Survival curve of DFU pathogenic bacteria in the presence of fig latex
The survival curve test of isolated bacteria demonstrated a slightly similar increase in growth over 24 h. The growth curves were decreased in the case of the treatment of the bacterial culture with the MIC of fresh fig latex after nearly 8 h, with a significant growth inhibition starting at 16 h of culture with fig latex, as demonstrated in Fig. 5A–C, E. In contrast, the growth curve of Pseudomonas sp. MS4 did not show any significant decrease after the treatment of the culture with fig latex, suggesting that it is a strain resistant to fig latex (Fig. 5D).

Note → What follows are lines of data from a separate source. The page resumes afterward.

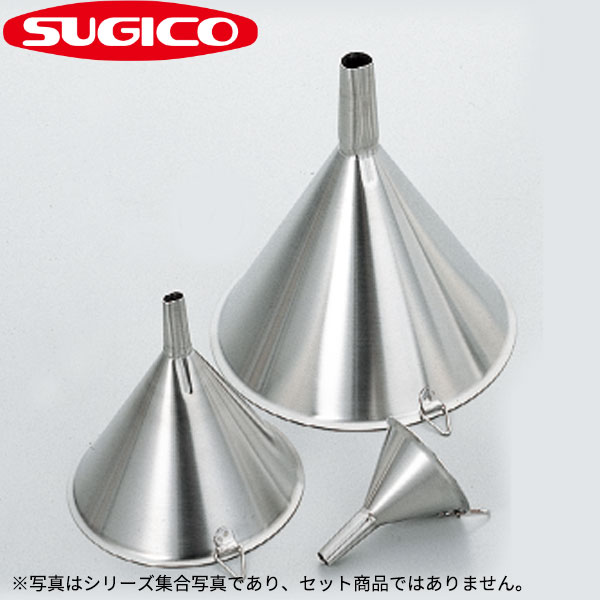 楽天市場】18-8ジョウゴ SH-606_外寸φ152×153mm 内寸φ14mm 漏斗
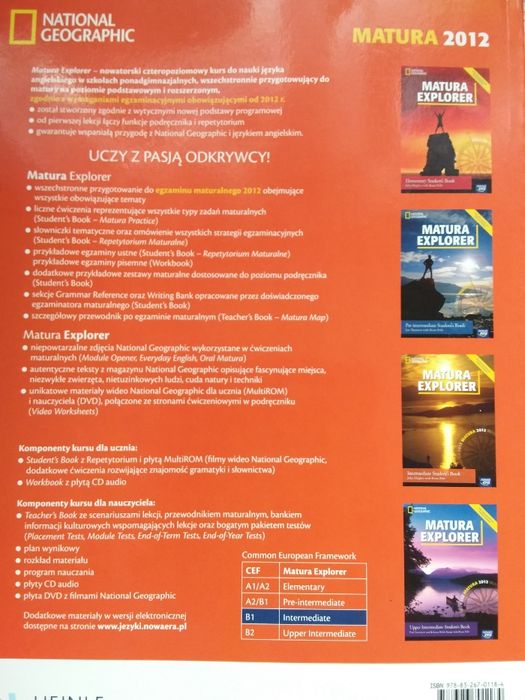 Matura Explorer Intermediate podręcznik angielskiego do liceum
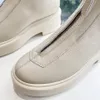 Sıra Kadın Tasarımcı Botlar Platform Platform Zipper Savaş Ayak Bileği Botları Martin Botlar Kış Kadın Ayakkabıları Chelsea Biker Botları Kutu Siyah Kahverengi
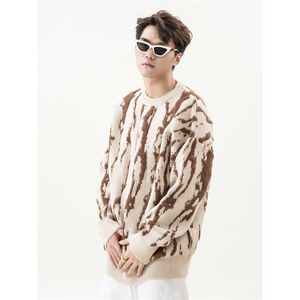 1506/QX0300/P54新款秋冬季慵懒宽松针织衫加厚保暖上衣服1图片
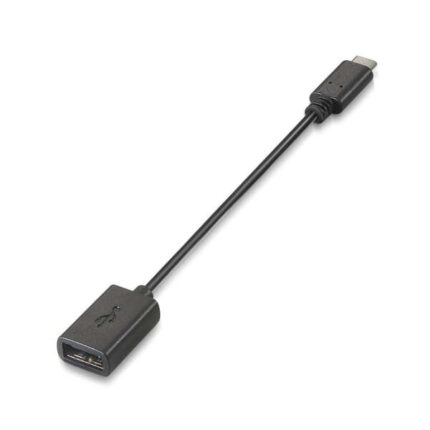 Cavo USB 2.0 3A Aisens - Tipo USB-C/M-A femmina - 15 cm - Colore nero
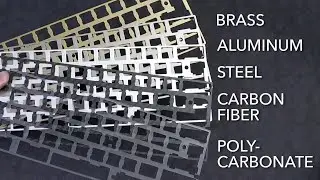 Plate Material Sound Comparison - Alu vs Brass vs Steel vs Carbon Fiber vs Polycarbonate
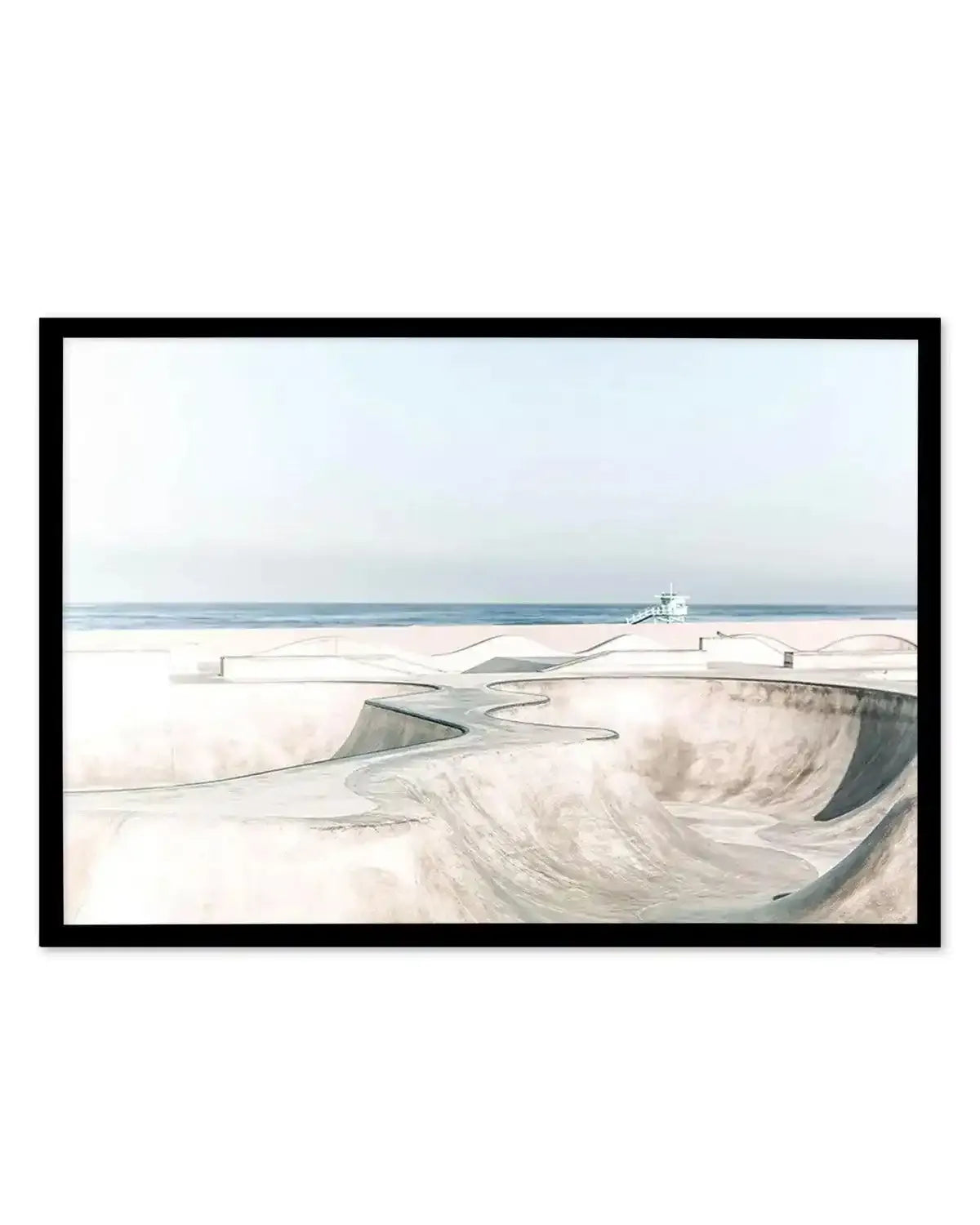 Venice Skate Park VI Art Print from Olive et Oriel where you can shop wallpaper and artworks online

Fig latex enhances the healing process of diabetic wounds
The in vivo experiment on the mouse model, shown in Fig. 6A, monitored the morphological changes occurring in the three animal groups at each time point from Day 0 to Day 15 post-wounding. It was noted that in the diabetic animals, the healing process of wounds was delayed, and abscesses were found in the diabetic wounds with no healing compared to the healing process of wounds in the control group. Most importantly, topical application of fig latex on the diabetic wounds twice daily improved and accelerated the wound closure near that found in the control group. Figure 6B shows the wound size starting from 8 mm in the three animal groups at Day 0 post-wounding. The diabetic group showed a significant increase in the wound diameter (4 mm) (impaired healing) compared to the wound diameter (0 mm) in the control group at Day 15 post-wounding. Interestingly, when the wounds were topically treated with fresh fig latex, the wound diameters (0 mm) were similar to those found in the control group. The percentage of wound closure was calculated from the accumulated data (Fig. 6C). The diabetic animals exhibited a significant decrease in the percentage of wound closure compared to the control nondiabetic group. Amazingly, when the diabetic wounds were topically treated with fresh fig latex, the percentage of wound closure was significantly enhanced a level similar to that found in the control group.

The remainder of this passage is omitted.